Mengasah Empati di Pertunjukan Teater “Margi Wuta”

By , Jumat, 29 November 2013 | 14:09 WIB
()

Setelah pertunjukan tahap I selesai, saya bisa memilih untuk menjadi penonton tahap II—di mana mata saya dalam kondisi terbuka—menonton pementasan sesi berikutnya yang sama persis dengan pementasan yang saya alami sebelumnya.

Pada tahap II, posisi saya adalah sebagai penonton yang melihat penonton-penonton lain yang mengalami tahap I (di mana mata mereka ditutup).

Giliran perputaran penonton ini berlaku untuk lima pentas dalam sehari. “Margi Wuta” dilangsungkan selama dua hari. Mengutip keterangan dalam flyer pertunjukan, “Latar belakang pementasan ini adalah kebiasaan konvensi pertunjukan teater yang selalu mengasumsikan mata sebagai alat penyambung gagasan tontonan dan penonton.”

“Dengan menampilkan adegan yang secara visual dan audio menarik, si pembuat tontonan diharapkan mampu berbicara hal-hal pokok yang akan disampaikan. Pementasan ini menawar ulang semua konvensi panggung (penyutradaraan, keaktoran, tata artistik) yang disusun berdasar logika umum ke logika khusus untuk orang tuna netra, sebagai pemain dan penonton.”

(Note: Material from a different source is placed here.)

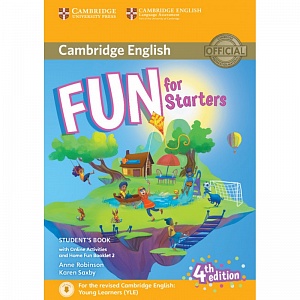 Fun for 4Ed Starters SB + Onl Activ + Audio + Home Fun Booklet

Pertunjukan “Margi Wuta” disuguhkan oleh Teater Gardanalla. Dalam memproduksinya, Joned Suryatmoko (penulis naskah sekaligus sutradara) berkolaborasi dengan Ari Wulu (penata musik dan suara).  

Bagi saya, pertunjukan teater ini sangat berhasil mengelola dan menyampaikan pesannya. “Margi Wuta” dengan sangat berhasil mengganggu dan memprovokasi kedirian saya.

Menontonnya, di satu sisi saya seperti diingatkan untuk tidak banyak berkeluh kesah karena saya ada di dunia ini dengan lima indera yang lengkap. Di lain sisi, tidak ada alasan bagi orang yang "lengkap" seperti saya untuk tidak berempati kepada mereka yang berkebutuhan khusus secara fisik, termasuk kepada penyandang visually impaired.